Reserve an entire block of hotels in Kanata

City staff explored different options to find an alternate facility that could accommodate these people, with limited success.

Although we are determined to shut down the two current sites as soon as possible, they both fill critical gaps within the hosting system, acting as a solution to deal with (system) overflow.wrote Kale Brownthe City’s Director of Homeless Programs and Shelters, via email.

He added that staff had already considered more than 160 office space offers and 53 industrial spaces. School boards, housing development corporations and other levels of government have also been contacted and have been looking at City properties to find a solution.

Ms. Plante is not convinced that the Municipality is really out of options.

We have tools that allow us to book an entire block of hotels in Kanatashe insisted. We have to start looking outside the city center.

Vanier Community Association Acting President Chris Greenshields.

Vanier Community Association acting president Chris Greenshields says the city hasn’t provided enough information.

Photo: Radio-Canada / Jean Delisle

Mr. Greenshields also sees it as partly a matter of geographic justice.

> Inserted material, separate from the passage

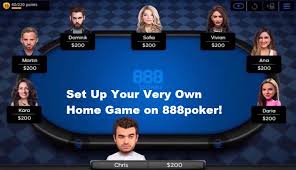 6,833 likes · 1 talking about this. Set Up Your Own Private Home Game On 888poker Poker Casino Betting News From Bankrollmob Com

I think there are a lot of other facilities and they’re going to have to make choices. Will they continue to place the burden of shelters on a more vulnerable, low-income community, or will they spread that kind of burden across the city? he asked.

The City lobbied for help. Mr. Brown indicated that its staff were in discussions with the province and the federal government to explain Ottawa’s growing needs and ask for additional help.

According to Ms. Carr, Ottawa needs their help.

All three levels of government need to work together. I recognize that there is work to be done at the local level to be done, but we cannot do it without funding from provincial and federal partners.